# Work to be completed
List each line of the data that holds the word "Light".

*** Opening Data supplied ***

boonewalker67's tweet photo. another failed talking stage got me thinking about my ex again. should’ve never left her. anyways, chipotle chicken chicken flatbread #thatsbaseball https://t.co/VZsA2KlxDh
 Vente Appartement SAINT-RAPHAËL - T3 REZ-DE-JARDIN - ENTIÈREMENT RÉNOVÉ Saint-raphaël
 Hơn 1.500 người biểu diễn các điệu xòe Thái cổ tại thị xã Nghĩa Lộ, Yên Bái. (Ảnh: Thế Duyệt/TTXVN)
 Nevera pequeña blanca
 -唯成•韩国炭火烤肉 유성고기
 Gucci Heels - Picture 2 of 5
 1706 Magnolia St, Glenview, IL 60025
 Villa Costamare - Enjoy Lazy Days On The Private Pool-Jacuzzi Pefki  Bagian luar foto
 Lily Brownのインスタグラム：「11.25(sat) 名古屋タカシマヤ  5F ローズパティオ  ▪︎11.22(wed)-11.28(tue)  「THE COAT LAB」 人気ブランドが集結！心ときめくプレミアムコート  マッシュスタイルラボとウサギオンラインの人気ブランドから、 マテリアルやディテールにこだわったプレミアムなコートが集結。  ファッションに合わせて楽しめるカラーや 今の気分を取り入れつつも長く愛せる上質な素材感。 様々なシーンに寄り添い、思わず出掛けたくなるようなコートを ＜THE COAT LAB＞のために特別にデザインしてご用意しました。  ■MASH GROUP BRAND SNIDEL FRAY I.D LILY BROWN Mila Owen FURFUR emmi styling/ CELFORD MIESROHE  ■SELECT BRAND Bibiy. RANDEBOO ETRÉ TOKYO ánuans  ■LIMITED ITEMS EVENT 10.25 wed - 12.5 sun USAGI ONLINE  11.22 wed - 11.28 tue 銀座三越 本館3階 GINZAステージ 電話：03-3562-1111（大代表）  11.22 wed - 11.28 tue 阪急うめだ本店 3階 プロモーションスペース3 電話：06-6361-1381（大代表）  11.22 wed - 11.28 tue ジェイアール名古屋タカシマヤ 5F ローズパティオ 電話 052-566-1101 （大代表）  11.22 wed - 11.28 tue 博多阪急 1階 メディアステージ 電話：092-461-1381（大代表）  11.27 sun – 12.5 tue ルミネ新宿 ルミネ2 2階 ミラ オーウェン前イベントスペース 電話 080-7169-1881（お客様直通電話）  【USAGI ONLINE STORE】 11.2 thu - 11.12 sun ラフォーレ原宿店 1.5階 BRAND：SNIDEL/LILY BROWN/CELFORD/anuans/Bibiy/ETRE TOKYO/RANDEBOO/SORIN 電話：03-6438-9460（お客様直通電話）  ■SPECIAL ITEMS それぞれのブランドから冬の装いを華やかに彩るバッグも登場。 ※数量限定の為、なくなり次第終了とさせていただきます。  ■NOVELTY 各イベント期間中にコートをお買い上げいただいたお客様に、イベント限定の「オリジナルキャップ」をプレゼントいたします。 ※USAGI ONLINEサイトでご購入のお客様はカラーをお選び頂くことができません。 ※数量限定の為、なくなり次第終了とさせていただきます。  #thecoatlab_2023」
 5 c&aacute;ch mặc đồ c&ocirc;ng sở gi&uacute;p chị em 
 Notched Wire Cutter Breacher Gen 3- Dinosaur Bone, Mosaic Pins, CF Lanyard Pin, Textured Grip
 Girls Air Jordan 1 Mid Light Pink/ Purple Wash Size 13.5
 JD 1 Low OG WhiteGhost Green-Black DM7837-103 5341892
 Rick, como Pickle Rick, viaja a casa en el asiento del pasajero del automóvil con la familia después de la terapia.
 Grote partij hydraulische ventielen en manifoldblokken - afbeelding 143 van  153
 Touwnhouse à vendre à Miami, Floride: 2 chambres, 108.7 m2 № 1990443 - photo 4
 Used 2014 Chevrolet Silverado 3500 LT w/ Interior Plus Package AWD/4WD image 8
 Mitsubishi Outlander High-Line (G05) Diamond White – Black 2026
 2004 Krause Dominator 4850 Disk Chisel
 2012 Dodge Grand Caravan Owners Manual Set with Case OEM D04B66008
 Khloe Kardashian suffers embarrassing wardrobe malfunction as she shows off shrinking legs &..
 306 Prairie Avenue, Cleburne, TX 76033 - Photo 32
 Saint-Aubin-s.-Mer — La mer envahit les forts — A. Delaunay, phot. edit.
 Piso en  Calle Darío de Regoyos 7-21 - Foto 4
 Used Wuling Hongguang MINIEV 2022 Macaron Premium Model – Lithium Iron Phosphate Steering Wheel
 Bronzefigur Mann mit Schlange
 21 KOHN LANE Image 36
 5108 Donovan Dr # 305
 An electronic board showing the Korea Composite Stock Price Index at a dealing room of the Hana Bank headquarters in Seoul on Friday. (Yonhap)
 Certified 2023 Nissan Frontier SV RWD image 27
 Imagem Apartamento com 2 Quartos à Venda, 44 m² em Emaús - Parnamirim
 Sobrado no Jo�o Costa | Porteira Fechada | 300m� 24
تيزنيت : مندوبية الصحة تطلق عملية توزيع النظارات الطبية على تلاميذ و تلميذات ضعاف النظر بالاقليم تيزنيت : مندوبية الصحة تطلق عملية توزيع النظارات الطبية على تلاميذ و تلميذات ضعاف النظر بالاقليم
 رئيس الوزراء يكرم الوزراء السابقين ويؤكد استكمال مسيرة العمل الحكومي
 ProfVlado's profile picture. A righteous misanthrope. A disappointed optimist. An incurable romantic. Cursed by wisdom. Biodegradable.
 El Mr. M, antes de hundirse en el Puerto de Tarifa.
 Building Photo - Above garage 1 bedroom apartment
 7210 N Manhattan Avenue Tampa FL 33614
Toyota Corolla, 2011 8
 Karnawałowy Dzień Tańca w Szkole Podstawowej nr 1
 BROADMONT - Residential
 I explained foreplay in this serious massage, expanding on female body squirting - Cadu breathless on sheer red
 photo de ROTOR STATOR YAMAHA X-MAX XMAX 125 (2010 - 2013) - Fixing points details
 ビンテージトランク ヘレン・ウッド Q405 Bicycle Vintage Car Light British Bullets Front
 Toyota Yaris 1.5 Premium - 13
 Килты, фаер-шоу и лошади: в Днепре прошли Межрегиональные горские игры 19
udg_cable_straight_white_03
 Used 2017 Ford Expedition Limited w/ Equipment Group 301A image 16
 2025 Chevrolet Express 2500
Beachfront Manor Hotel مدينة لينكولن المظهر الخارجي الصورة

*** Closing Data supplied ***

# Result of the exercise
 Girls Air Jordan 1 Mid Light Pink/ Purple Wash Size 13.5
 ビンテージトランク ヘレン・ウッド Q405 Bicycle Vintage Car Light British Bullets Front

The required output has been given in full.